DESCRIPTION OF THE TASK |
In your copy, leave out the pictures and reproduce the listing below exactly.

INFORMATION SHOWN |
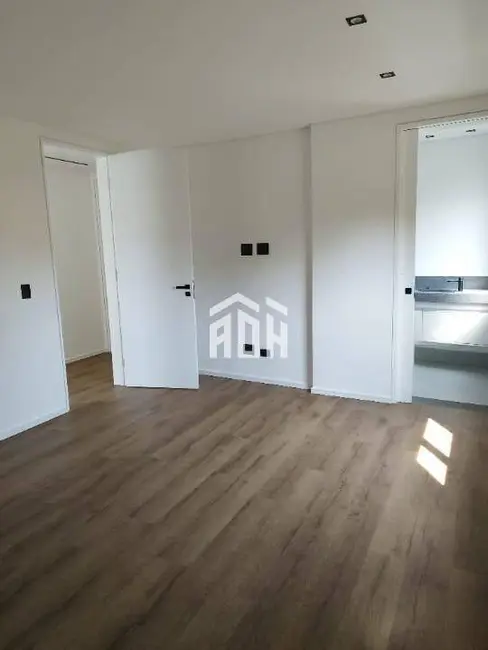 Foto 7 de Casa com 4 quartos à venda e para alugar, 330m2 em Barueri - SP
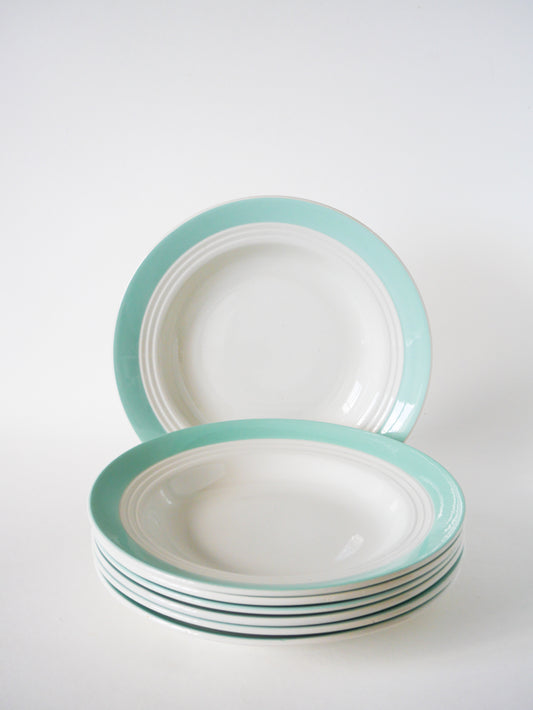 Lot de 7 assiettes creuses à liseré, Vert Menthe, 1960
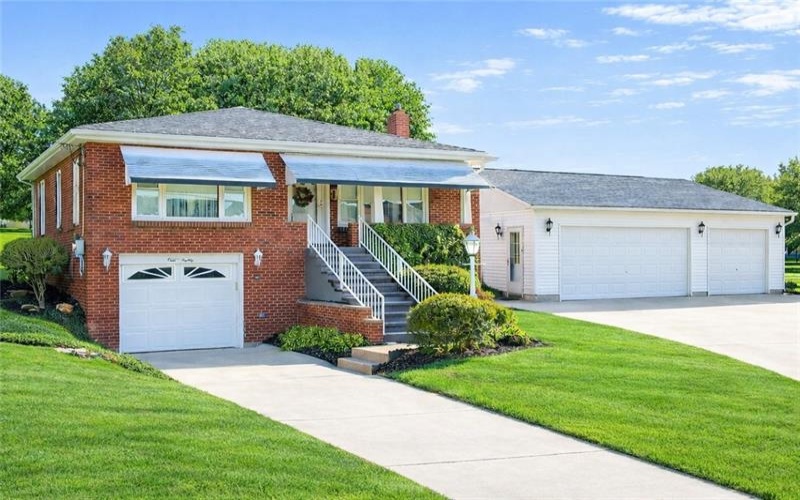 180 HILLTOP LANE, Washington, 15301, 2 Bedrooms Bedrooms, 7 Rooms Rooms,1.1 BathroomsBathrooms,Residential,For Sale,HILLTOP LANE,1748897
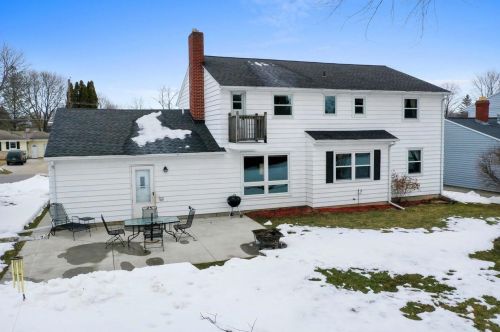 412 Dauphin St, Green Bay, WI 54301-2116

ANSWER TO THE PROBLEM |
 Foto 7 de Casa com 4 quartos à venda e para alugar, 330m2 em Barueri - SP
 Lot de 7 assiettes creuses à liseré, Vert Menthe, 1960
 180 HILLTOP LANE, Washington, 15301, 2 Bedrooms Bedrooms, 7 Rooms Rooms,1.1 BathroomsBathrooms,Residential,For Sale,HILLTOP LANE,1748897
 412 Dauphin St, Green Bay, WI 54301-2116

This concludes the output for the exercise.